Le Québec : une société civile forte et un gouvernement faible?

À première vue, nous sommes en présence d’une société civile forte. Cependant, on peut se demander si la démocratie participative telle qu’elle s’exprime actuellement contribue effectivement au renforcement de la démocratie représentative. En effet, depuis au moins une décennie, le pouvoir de la société civile a de plus en plus de difficulté à s’arrimer à la démocratie représentative. Son pouvoir semble le plus souvent en être un de freinage, d’où l’impression d’immobilisme des élites économiques qui ont par ailleurs l’oreille du gouvernement. Ce pouvoir de freinage ne résulte pas d’une préférence des organisations de la société civile, mais d’une exclusion qui ne leur offre pas d’autres choix. Autrement dit, leurs demandes et à fortiori leur aspirations ne sont jamais (ou très peu) prises en considération lorsque les projets et les politiques sont en voie de définition, la société civile n’a dès lors que le choix d’intervenir qu’après coup. Ce qui représente une faiblesse, même si elle n’en est pas forcément la première responsable.

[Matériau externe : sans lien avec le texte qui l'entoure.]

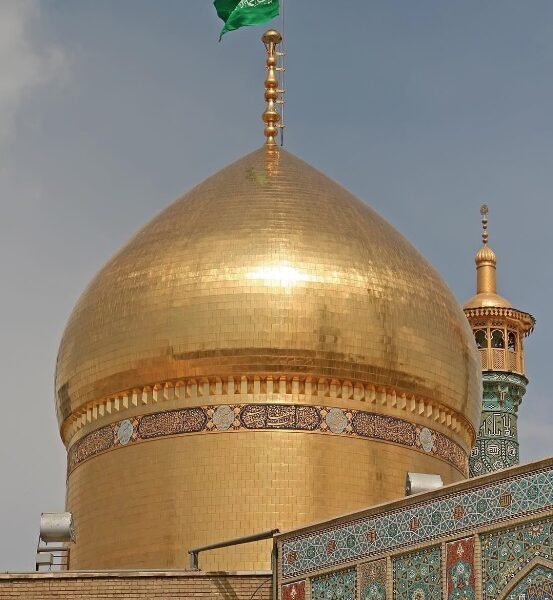 Fatima Masumeh Shrine in Iran. Credit: salam Ya Hussain’s FB page.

Un gouvernement qui s’appuie sur la répression pour s’imposer est à l’évidence un gouvernement faible. Il est manifeste que la gestion gouvernementale de la crise étudiante a été pitoyable, mais il faut aller au-delà de la seule gestion puisque cette dernière relève d’une approche des problèmes qui est source permanente d’insatisfaction et de résistance. De plus, après deux mandats, le gouvernement ne s’est pas donné les outils pour prévenir des crises comme celle que nous vivons. Le PQ avait utilisé divers mécanismes dont les sommets socio-économiques qui n’étaient pas complètement satisfaisants, mais qui avaient au moins l’avantage de favoriser le dialogue et la recherche de solution. Comme on peut le constater avec le Plan Nord, qui se veut le projet d’une génération, le gouvernement actuel est incapable de proposer une vision susceptible de susciter l’enthousiasme. Une telle vision ne peut être pensée qu’en mettant à contribution non seulement tous les lucides de ce monde, mais aussi tous ceux et celles qui misent sur la solidarité, y compris pour survivre. L’incapacité ou le refus des dirigeants politiques en place de s’ouvrir à la diversité des intérêts pour construire l’intérêt général est la marque d’un gouvernement faible. Sans doute la tâche n’est pas facile, mais elle devient carrément impossible lorsque la répression, la police et les tribunaux sont les principaux outils mobilisés pour dénouer une telle crise.